En somme, dans l’identité de la force structurant l’alliance à gauche, comme dans les modalités de celle-ci, la part de nouveauté est grande. Plutôt qu’à la reproduction de schémas déjà expérimentés, le rassemblement en cours renseigne sur les transformations considérables que traverse encore la vie politique française. « Des choses qui étaient impensables dans l’ordre électoral précédent sont devenues possibles », résume Florent Gougou.

Législatives : Insoumis et écolos ouvrent la voie à un accord historique

Concernant les dynamiques du système politique français, l’effet est paradoxal.
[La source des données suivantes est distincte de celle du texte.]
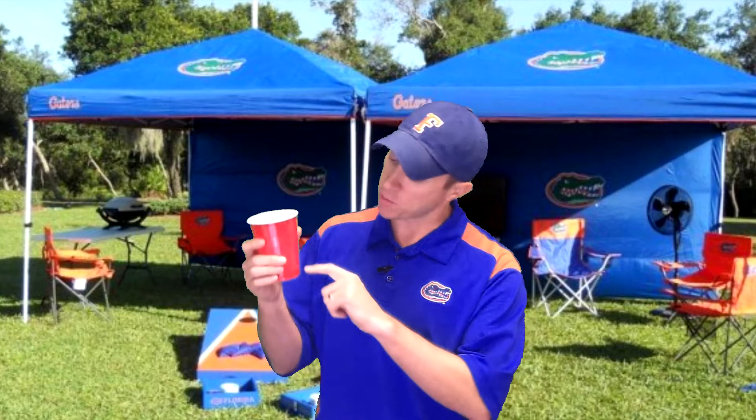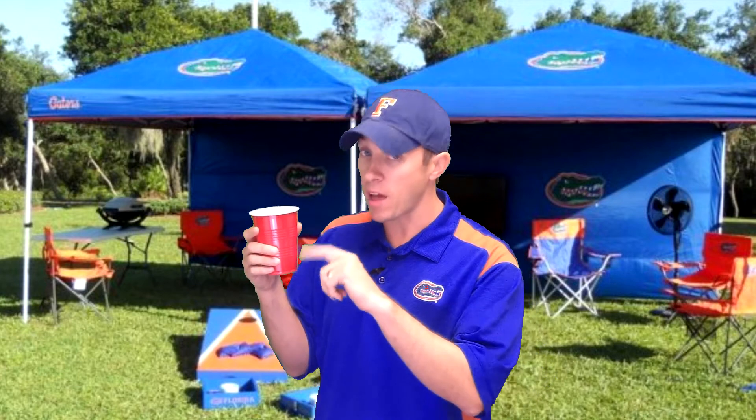These lines on the Red Solo Cup actually measure liquids — really helpful, especially when you're out at a tailgate and not in your own kitchen. This bottom line right here is one ounce, for all of our shooters out there. Make sure you don't go above that bottom line if you want to make it to the fourth quarter.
D’un côté, l’accord législatif à gauche ne semble avoir été possible qu’après la grande explication de la présidentielle. « Au contraire des grands précédents historiques de rassemblement, tout semble en procéder : cette élection est devenue la mesure essentielle du rapport de force, c’est la seule capable de fluidifier la conjoncture entre les partis et d’amener des inflexions programmatiques stupéfiantes, selon un calendrier accéléré qui appauvrit singulièrement l’exercice », se désole Rémi Lefebvre.

D’un autre côté, remarque Nicolas Bué, « Jean-Luc Mélenchon est le premier, depuis 2002, à remettre en cause la logique prêtée au quinquennat ». Fût-ce en se mettant en avant comme potentiel premier ministre, ce qui témoigne d’une acceptation évidente de la personnalisation de la vie politique, « il affirme que les législatives sont l’élection la plus importante ». Plus l’accord noué sera large, plus les scrutins des 12 et 19 juin prochains seront en tout cas cruciaux pour déterminer les rapports de force qui structureront le second quinquennat d’Emmanuel Macron.